4. According to the requirements in claim 1, the data owner uniformly samples the heat map video and the RGB video obtained in the second step in the third step, and for the heat map video, 32 frames of heat maps are uniformly sampled along the time dimension; for RGB video, 8 frames of RGB frames should be sampled uniformly along the time dimension.

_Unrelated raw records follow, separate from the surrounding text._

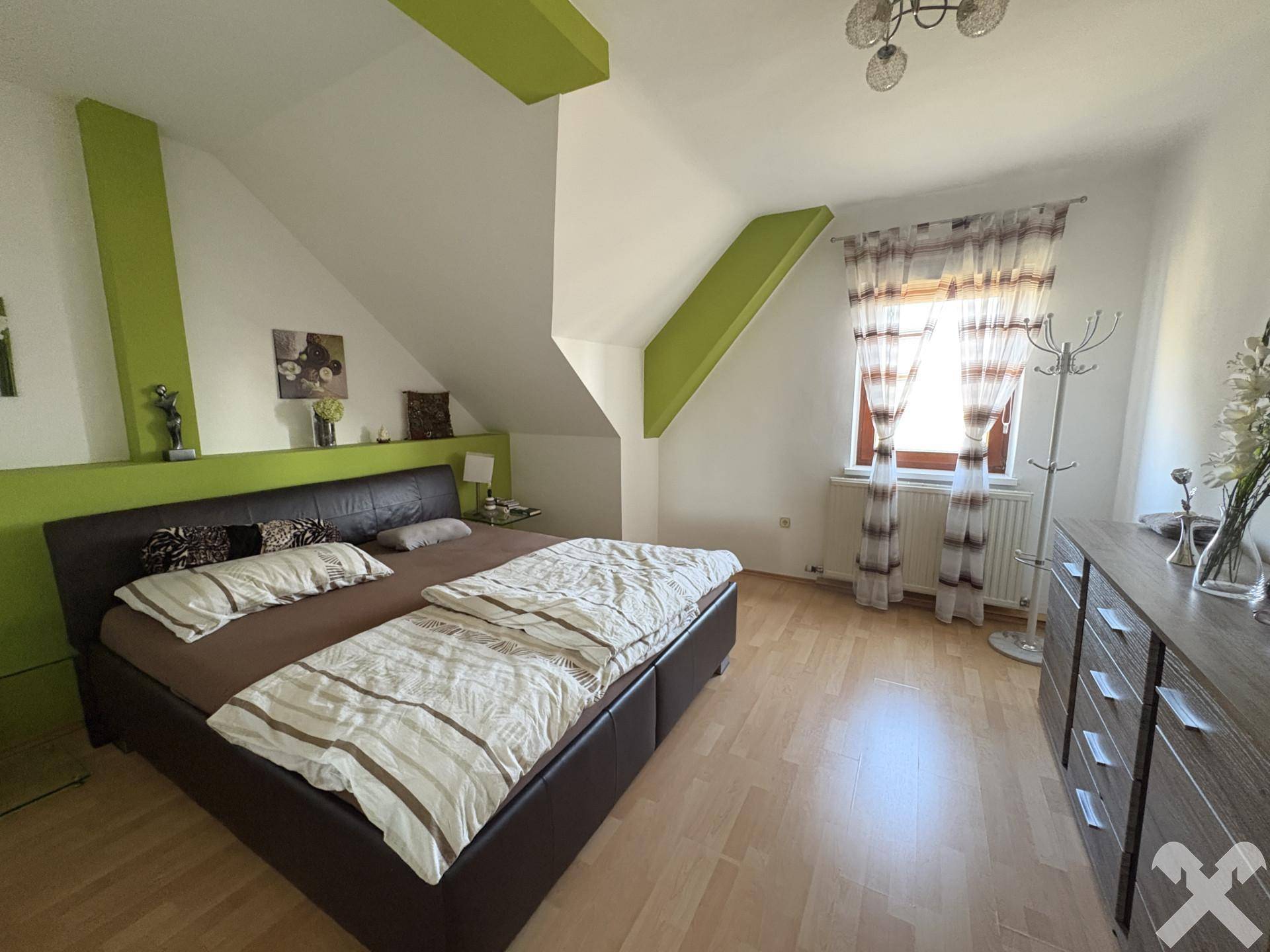 Schlafzimmer im Dachgeschoss mit Doppelbett, Holzboden und grünen Akzentwänden.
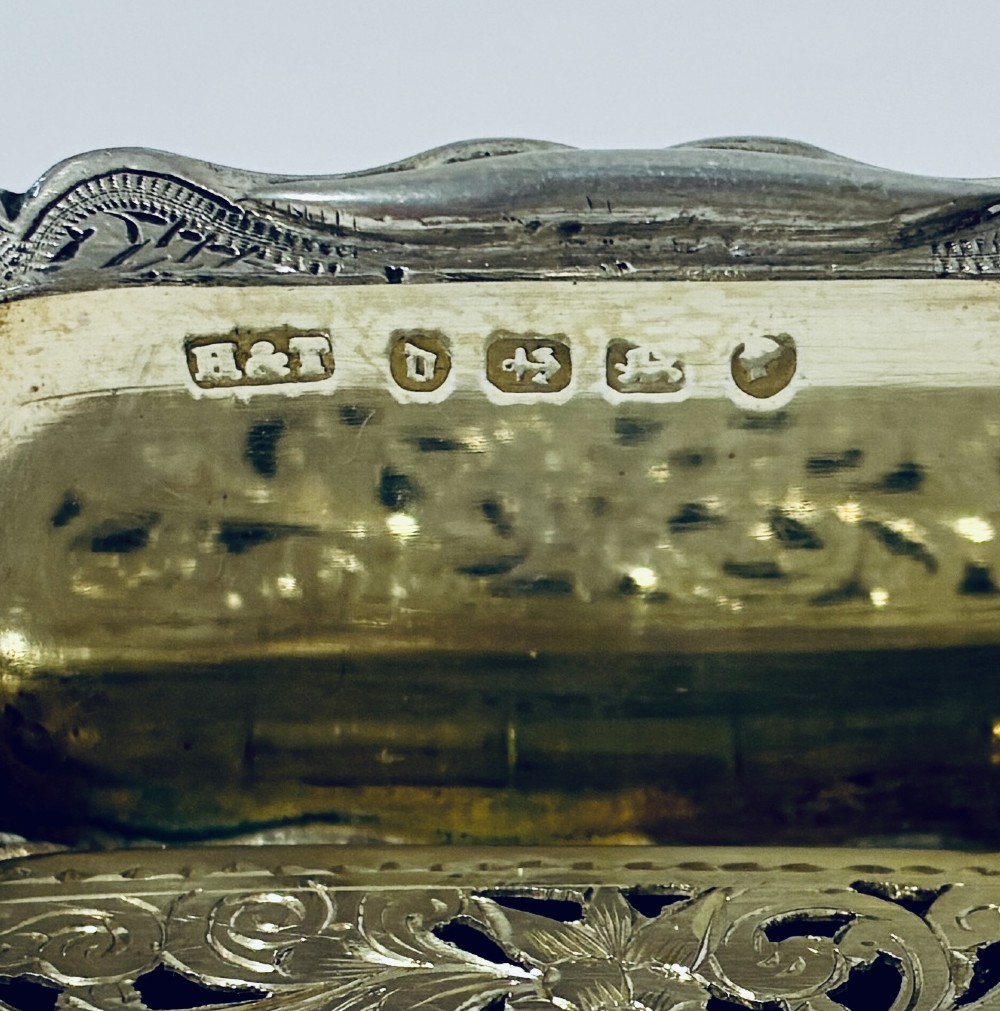 A small rectangular Victorian sterling silver vinaigrette featuring hand-engraved floral motifs, a central monogrammed cartouche, scalloped edges, and a side suspension ring. View IX
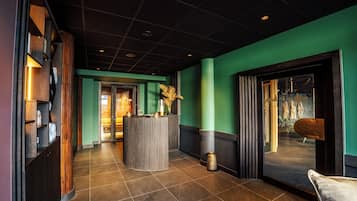 Eine moderne Hotellobby mit einer Rezeption, einer Sitzecke und Blick ins Freie.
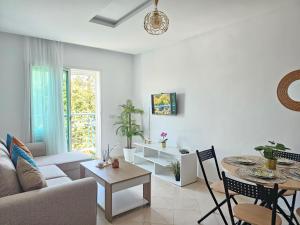 a living room with a couch and a table at Cabo Alegre in Martil
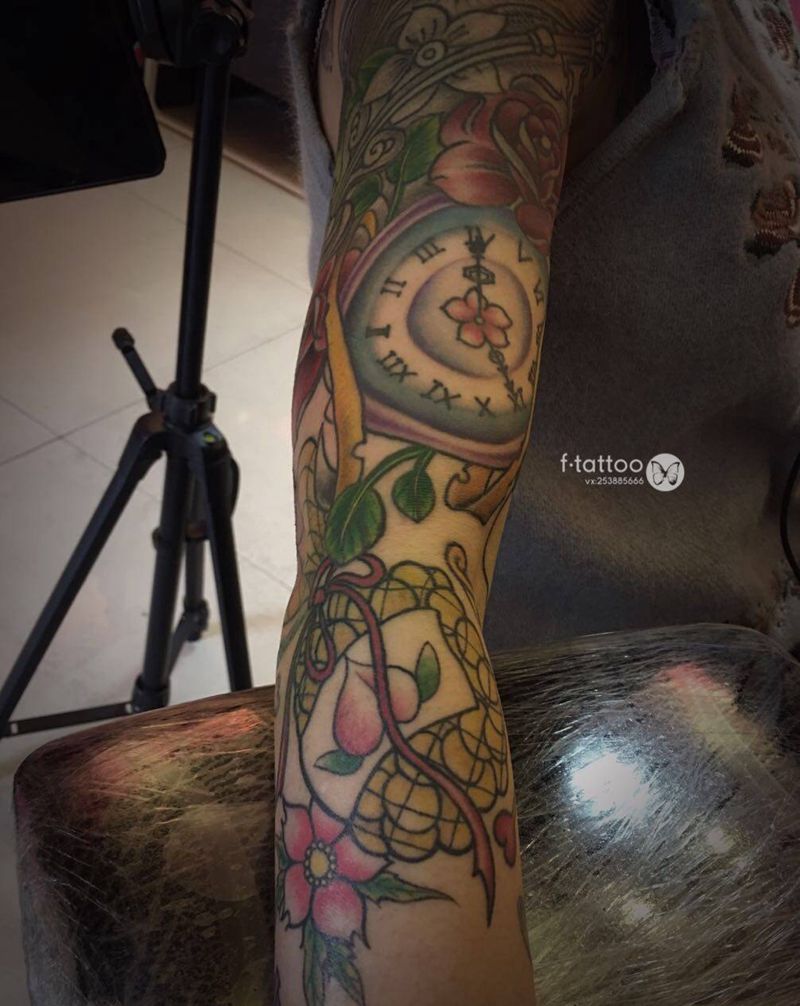 叮当猫百宝袋.纹身图片_手臂卡通彩色花臂纹身图案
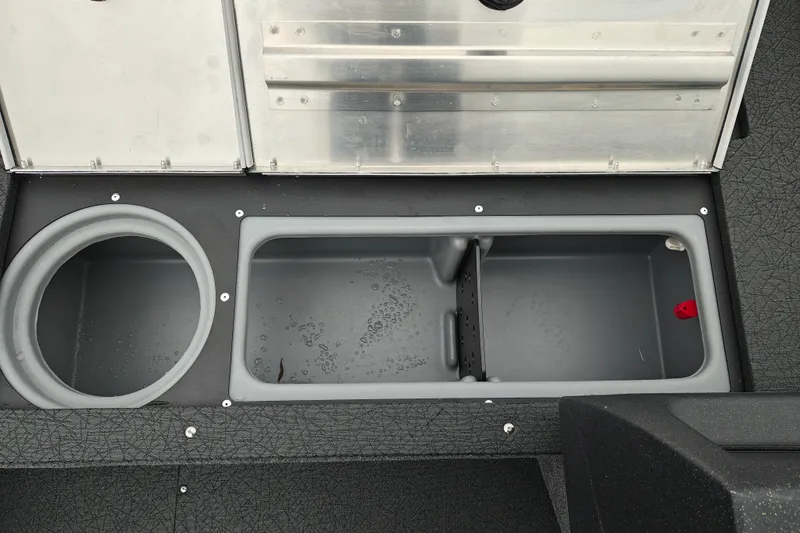 Slide: The Image of 2027 Tracker Pro Guide V-16 SC boat storage compartments, featuring circular and rectangular sections. - 22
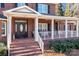 Inviting front porch with brick flooring, white railings, and comfortable seating, perfect for relaxing outdoors at 102 Wyndham Way, Salisbury, NC 28147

5. According to claim 1, the data owner, before inputting the transducer, cuts the video which is resized to the short side 320 pixels for the RGB video, uses the random cutting method to 224×224 during the training phase, uses the center cutting method to 224×224 during the verification phase, cuts the 224×224 at the upper left, center and lower right three spatial positions respectively during the testing phase, and inputs the network to take the softmax average as the final result; when a heat map is generated for the heat map video, acquiring a minimum detection frame capable of covering all target characters, performing zero filling in the detection frame, and cutting a background outside the detection frame, which is irrelevant to human behavior recognition; the size of the finally generated heat map is 224×224; the operation of cutting or adjusting the size is not needed;

for RGB video and heat map video, the same decomposition operation is adopted, and the heat map video is taken as an example to decompose the heat map video into N non-overlapping space-time 'tubes', x ₁ ,x ₂ ,...,x _N ∈R ^t×h×w×3 Wherein

Next, each tube is set _i Linearly mapped to a mark (encoding) z _i ，z _i ＝Ex _i The method comprises the steps of carrying out a first treatment on the surface of the Finally, all encoding z _i Connected in series to form a vector z ⁰ The method comprises the steps of carrying out a first treatment on the surface of the Adding a special learnable vector z at a first position _cls ∈R ^d Representing the embedding of the classification marks; position embedding p _pos ∈R ^(N+1)×d Is also added to this sequence;

the RGB streams and the skeletal streams use the same attention mechanism; the mechanism first calculates the frame-level spatial attention at the same time pointer; the spatial attention layer number of the bone stream is L' =10, and the spatial attention layer number of the rgb stream is l=12; for the spatial attention module of layer l, first calculate query/key/value:

representing a time position;

an output representing the previous layer; spatial attention is then calculated:

wherein the method comprises the steps of

The output of the l layer can be obtained by the following formula:

where s represents the output vectors of all the attention heads;

Which can be regarded as classification features

6. According to claim 1, the data owner averages the frame-level representations obtained from the bone stream in step four in a manner that the frame-level representations obtained from the bone stream are averaged every four frames in a group, so that the frame-level representations obtained from the bone stream can be combined with the frame-level representations obtained from the RGB stream at the same time position;

thereafter, the frame-level representation is obtained in line with spatial attention; in the process of L _t After 4 temporal attention layers, the obtained classification token will be input into the MLP header.

7. According to claim 1, the data owner inputs the output of step 5 to the linear classification layer in step 6, we obtain a class score; and (5) averaging the scores of the double streams to obtain a final classification result.